INPUT DATA:
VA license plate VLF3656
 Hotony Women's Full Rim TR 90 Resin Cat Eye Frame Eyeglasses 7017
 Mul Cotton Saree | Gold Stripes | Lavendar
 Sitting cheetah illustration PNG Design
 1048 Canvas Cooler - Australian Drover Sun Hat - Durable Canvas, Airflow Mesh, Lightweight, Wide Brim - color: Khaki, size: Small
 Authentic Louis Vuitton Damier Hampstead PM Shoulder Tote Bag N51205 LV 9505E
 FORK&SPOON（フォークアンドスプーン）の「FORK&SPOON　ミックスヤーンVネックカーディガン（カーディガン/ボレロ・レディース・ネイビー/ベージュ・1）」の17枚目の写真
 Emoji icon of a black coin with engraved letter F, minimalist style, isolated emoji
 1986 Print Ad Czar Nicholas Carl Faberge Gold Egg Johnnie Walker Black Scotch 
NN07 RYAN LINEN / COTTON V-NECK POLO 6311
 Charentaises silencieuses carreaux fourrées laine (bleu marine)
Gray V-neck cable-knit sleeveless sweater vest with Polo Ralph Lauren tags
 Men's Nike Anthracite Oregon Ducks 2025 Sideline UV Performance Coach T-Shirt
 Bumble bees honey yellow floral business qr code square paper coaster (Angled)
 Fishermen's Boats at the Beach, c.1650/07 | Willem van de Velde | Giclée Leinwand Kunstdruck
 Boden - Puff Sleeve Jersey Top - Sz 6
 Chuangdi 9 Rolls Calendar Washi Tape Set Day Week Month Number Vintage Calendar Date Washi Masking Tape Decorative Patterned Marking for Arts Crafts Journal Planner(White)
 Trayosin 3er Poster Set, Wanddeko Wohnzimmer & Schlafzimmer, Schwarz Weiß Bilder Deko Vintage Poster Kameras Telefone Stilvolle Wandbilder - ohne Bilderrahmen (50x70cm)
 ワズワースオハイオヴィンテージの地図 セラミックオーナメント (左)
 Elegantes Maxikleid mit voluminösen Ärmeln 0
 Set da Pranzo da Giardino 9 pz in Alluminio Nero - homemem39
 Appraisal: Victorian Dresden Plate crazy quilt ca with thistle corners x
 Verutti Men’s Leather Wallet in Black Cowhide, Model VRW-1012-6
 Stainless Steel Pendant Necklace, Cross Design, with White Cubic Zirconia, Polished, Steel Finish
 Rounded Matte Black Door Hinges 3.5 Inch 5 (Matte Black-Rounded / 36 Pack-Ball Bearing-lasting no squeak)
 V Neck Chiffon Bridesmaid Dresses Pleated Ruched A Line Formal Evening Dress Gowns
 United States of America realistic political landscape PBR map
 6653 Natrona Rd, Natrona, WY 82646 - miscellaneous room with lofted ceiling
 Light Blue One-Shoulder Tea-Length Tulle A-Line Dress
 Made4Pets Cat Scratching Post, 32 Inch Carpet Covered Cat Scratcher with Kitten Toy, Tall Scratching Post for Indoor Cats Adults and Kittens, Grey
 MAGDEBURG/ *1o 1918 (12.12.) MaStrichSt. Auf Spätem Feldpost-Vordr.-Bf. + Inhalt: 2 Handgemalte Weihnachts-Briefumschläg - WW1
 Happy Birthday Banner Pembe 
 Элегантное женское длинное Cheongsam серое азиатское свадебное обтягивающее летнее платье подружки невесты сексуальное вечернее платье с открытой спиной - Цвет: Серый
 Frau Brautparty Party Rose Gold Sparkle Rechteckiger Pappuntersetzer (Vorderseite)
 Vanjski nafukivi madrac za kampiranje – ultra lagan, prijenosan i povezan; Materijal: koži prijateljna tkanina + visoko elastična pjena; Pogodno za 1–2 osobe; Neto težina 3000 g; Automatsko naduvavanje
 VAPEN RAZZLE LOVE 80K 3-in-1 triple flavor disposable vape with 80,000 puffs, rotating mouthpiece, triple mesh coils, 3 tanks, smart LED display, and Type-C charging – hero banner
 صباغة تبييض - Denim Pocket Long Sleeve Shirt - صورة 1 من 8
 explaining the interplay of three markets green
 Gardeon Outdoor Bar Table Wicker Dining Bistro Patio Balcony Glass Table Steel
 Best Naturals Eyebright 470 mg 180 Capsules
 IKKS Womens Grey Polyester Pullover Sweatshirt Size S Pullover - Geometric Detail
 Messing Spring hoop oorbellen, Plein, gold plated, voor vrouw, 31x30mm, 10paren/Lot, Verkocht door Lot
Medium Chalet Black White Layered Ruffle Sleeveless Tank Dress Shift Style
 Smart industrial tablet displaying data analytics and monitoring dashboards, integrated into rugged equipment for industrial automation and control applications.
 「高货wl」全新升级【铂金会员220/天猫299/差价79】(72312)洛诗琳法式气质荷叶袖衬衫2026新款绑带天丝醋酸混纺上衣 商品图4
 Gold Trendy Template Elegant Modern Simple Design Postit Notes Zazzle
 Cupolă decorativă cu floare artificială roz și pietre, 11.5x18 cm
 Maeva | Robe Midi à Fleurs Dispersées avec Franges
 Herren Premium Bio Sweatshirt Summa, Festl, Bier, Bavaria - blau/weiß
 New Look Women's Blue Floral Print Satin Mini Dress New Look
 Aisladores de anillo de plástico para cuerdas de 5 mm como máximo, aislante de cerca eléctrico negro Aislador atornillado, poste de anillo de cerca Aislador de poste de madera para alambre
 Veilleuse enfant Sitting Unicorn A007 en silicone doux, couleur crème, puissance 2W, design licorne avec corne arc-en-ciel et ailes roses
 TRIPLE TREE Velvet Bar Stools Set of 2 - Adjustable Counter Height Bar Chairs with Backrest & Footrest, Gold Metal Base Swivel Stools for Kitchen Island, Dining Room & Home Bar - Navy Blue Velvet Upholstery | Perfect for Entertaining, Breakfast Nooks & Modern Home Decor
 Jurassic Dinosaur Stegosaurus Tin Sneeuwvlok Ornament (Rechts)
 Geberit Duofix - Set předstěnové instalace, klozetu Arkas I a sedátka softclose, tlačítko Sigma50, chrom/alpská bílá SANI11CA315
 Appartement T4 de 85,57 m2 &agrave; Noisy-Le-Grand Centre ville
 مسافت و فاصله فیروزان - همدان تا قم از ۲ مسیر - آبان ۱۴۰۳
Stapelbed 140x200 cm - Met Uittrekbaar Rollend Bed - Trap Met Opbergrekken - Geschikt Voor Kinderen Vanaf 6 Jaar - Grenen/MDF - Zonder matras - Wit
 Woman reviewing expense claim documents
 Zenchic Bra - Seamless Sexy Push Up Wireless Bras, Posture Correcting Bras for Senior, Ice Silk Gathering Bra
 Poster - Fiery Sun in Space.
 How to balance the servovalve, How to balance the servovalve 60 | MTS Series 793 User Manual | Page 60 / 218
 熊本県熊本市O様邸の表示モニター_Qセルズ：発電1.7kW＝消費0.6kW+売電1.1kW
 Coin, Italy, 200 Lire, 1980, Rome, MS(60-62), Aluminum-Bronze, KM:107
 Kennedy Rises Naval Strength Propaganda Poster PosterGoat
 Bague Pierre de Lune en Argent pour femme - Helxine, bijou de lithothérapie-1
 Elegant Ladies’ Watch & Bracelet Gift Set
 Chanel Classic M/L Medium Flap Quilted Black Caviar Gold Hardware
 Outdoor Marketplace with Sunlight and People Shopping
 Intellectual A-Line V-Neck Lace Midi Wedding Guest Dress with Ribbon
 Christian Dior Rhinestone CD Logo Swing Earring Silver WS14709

WHAT THE TASK ASKS: Your answer should hold exactly the lines from the one containing "Bague Pierre de" through the end of the entries above, and nothing else.

TASK SOLUTION:
 Bague Pierre de Lune en Argent pour femme - Helxine, bijou de lithothérapie-1
 Elegant Ladies’ Watch & Bracelet Gift Set
 Chanel Classic M/L Medium Flap Quilted Black Caviar Gold Hardware
 Outdoor Marketplace with Sunlight and People Shopping
 Intellectual A-Line V-Neck Lace Midi Wedding Guest Dress with Ribbon
 Christian Dior Rhinestone CD Logo Swing Earring Silver WS14709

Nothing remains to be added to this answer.